Rescatar el honor

¿Quien no conoce, al menos en su esencia, como símbolo de rectitud y valentía, la figura de Don Quijote de la Mancha? Desde la escuela nos nutríamos con sus luchas contra molinos de viento, gigantes embrujados y pillos, y nos identificábamos con sus afanes para proteger al débil y castigar al malvado. Lo idealizábamos como un caballero de honor, movido por el temor de Dios y la voluntad de servir a sus semejantes, senda que conduce a la sabiduría y a la verdad.
Aprendíamos también la historia del Cid Campeador, Ruy Díaz de Vivar, otro caballero que, por defender su honor, fue desterrado y obligado a convertirse en un rebelde guerrero que luchó contra moros y cristianos enemigos de Castilla, ganando tanto nombre y fama que su sola presencia sembraba el pánico en sus rivales, como ocurrió cuando, muerto y colocado sobre su caballo, desfiló al frente de sus tropas, a cuya vista sus enemigos huyeron despavoridos.

El escritor español Arturo Pérez Reverte publicó, hace poco, un libro sobre Ruy Díaz en el que narra, con un lenguaje tan rico como sencillo, la vida del legendario Cid Campeador, convertido en símbolo del honor y del coraje.

Por lealtad con sus principios, para reconocer al rey Alfonso, le obligó a jurar que no había tenido parte alguna en el asesinato de su antecesor y hermano, el rey Sancho. Alfonso le condenó a abandonar su reino y Ruy Díaz le replicó: “Si tu me destierras por un año, yo me destierro por dos”. E inició su vida errante.
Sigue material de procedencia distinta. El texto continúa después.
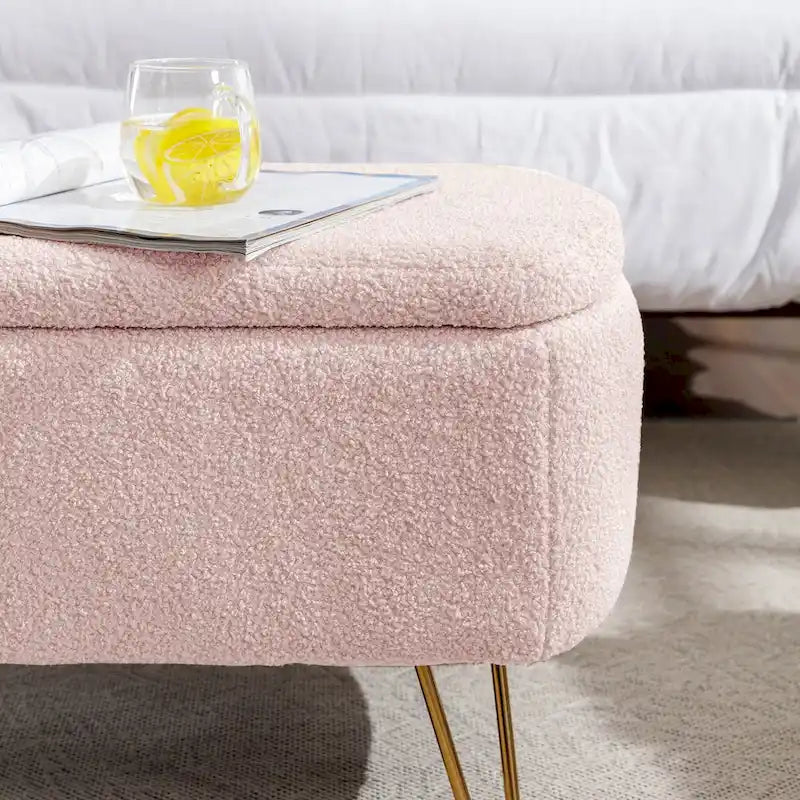 Banc ottoman de rangement avec pieds dorés pour bout de lit, banc d'entrée en fausse fourrure rembourré avec rangement pour salon et chambre à coucher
Su prudencia, su serenidad, su sabiduría eran compañeras inseparables de su ilimitado valor. Jamás se doblegó ante un poder que no fuera legítimo ni condicionó su lealtad con las huestes que, creyendo en él, le seguían ciegamente. Sus convicciones sobre la dignidad humana le llevaron a aceptar sacrificios sin reclamar privilegios que, en épocas de privaciones, pudieran diferenciarle de los más humildes de sus seguidores. Cumplía la ley y exigía su cumplimiento.

Implacable y aún cruel, a la usanza de las reglas de la guerra de entonces, aplicaba la justicia con igual severidad a grandes y pequeños, pero era capaz de poner en riesgo su propia vida para defender al último de ellos si lo consideraba víctima de falsas acusaciones.

De corazón generoso en la victoria, de serenidad en el infortunio, fue uno de los más altos exponentes de lo que significa vivir y morir con honor; tanto a reyes como a pelafustanes dio ejemplo de rectitud y firmeza; siempre actuó sin temor ni temeridad, movido por la fe en sus causas altruistas; ennobleció con su vida la historia de la raza humana: pasó a la gloria.

En las aciagas horas actuales, enlodadas por la burla que los malhechores hacen de la virtud, bueno sería recordar al Cid Campeador y, bajo la insignia de sus méritos, trabajar juntos para rescatar el honor nacional.